The range is traversed in direction::front. The range must be known to end after a fixed number of elements. This could be a heterogeneous container, like std::tuple. It could also be an adapted heterogeneous container.

For a variable-length range, the resulting tuple has the longest number of elements possible. If range is a standard homogeneous container, this is obviously impossible, and a compile error about recursive template instantiations will result.

Exceptions
  • size_mismatch -

    If the range turns out at run time to finish sooner than it should. In this case, the tuple type will have more elements than the range turns out to have, so constructing the tuple type elicits the exception.

Parameters
  • range -

    The range to construct the range from.

template <class... Types>
tuple< Types &&...> forward_as_tuple(Types &&... arguments)

Make a tuple of rvalue references to each of the arguments.

This is equivalent to std::forward_as_tuple except that it returns a range::tuple.

template <class Range>
auto copy_tuple_from(Range && range)

Make a tuple that is a copy of the range passed in, down to the exact element types that first() returns.

The types will often be references. Notably, copy_tuple_from applied to a tuple will usually result in a tuple with a different type.

The range is traversed in direction::front. The range must be known to end after a fixed number of elements. This could be a heterogeneous container, like std::tuple. It could also be an adapted heterogeneous container.

For a variable-length range, the resulting tuple has the longest number of elements possible.
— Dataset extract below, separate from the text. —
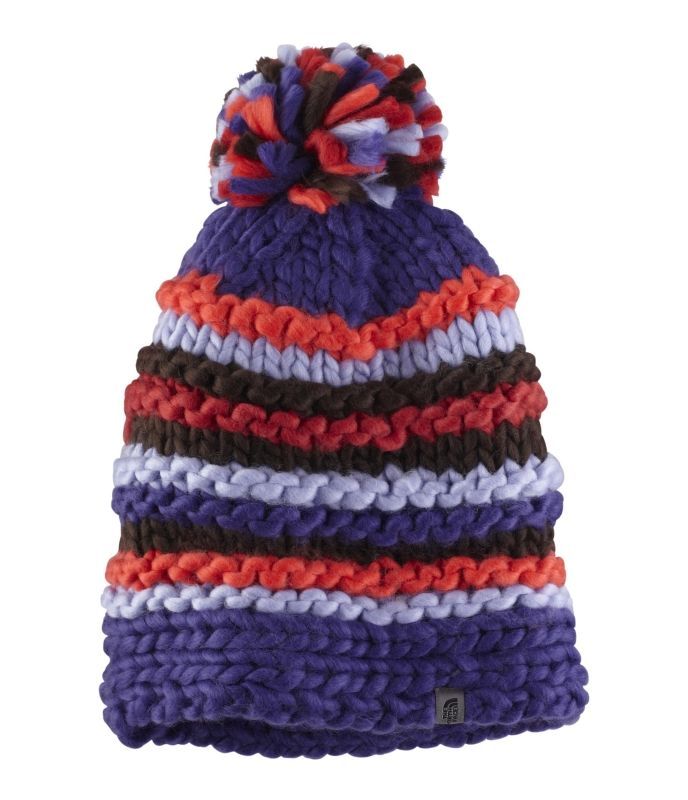The North Face Вязаная шапка The North Face GRANDMA KNIT BEANIE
If range is a standard homogeneous container, this is obviously impossible, and a compile error about recursive template instantiations will result.

Exceptions
  • size_mismatch -

    If the range turns out at run time to finish sooner than it should. In this case, the tuple type will have more elements than the range turns out to have, so constructing the tuple type elicits the exception.

Parameters
  • range -

    The range to construct the range from.

auto const ignore

Object that anything can be assigned to syntactically, but it has no effect. This is useful in conjunction with tie. std::ignore could be used just as well, but this can be awkward in practice. Because of argument-dependent lookup, is ambiguous between range::tie and std::tie.

using range::tie; tie (std::ignore);

On the other hand, is fine.

using range::tie; tie (range::ignore);

Counting

template <class Begin>
infinite_count_range< Begin > count_from(Begin const & begin)

Return an infinite range that contains an arithmetic progression of integers.

It starts with begin, the next element is begin + 1, etc. If begin is a run-time value, then the range is homogeneous, i.e., the other elements have the same type. If begin is a constant, the other elements are also constants of the same type. However, if begin is a constant and drop (increment, r) is called with non-constant increment, then the resulting range will have a run-time value of the same type as the value type of the original constant.

template <class Begin, class End>
auto count(Begin const & begin, End const & end)

Return a range that contains an arithmetic progression of integers.

It starts with begin, and finishes one before end. begin and end can be run-time values or compile-time values. If they are run-time values, like int, then the resulting range is homogeneous. If not, then the range is heterogeneous.

Pre
begin <= end.
Parameters
  • begin -

    First value in the range.

  • end -

    One-past-last value in the range.

template <class End>
boost::disable_if< rime::is_constant< End >, count_range< End, End >>::type count(End const & end)

Return a range with end elements that starts with 0.

If end is a run-time value, then the range is homogeneous. If end is a constant, then the range is heterogeneous.

Pre
end >= 0.
Parameters
  • end -

    One-past-last value in the range.

auto count()

Return an infinite range starting from 0.

This is equivalent to count_from (std::size_t (0)).

Function range

template <class Function>
function_range< Function > make_function_range(Function const & function)

Create a range whose elements are the results of consecutive function calls.

The resulting range implements operations on rvalues only: it is not possible to make a copy of it. The range is noncopyable, but movable.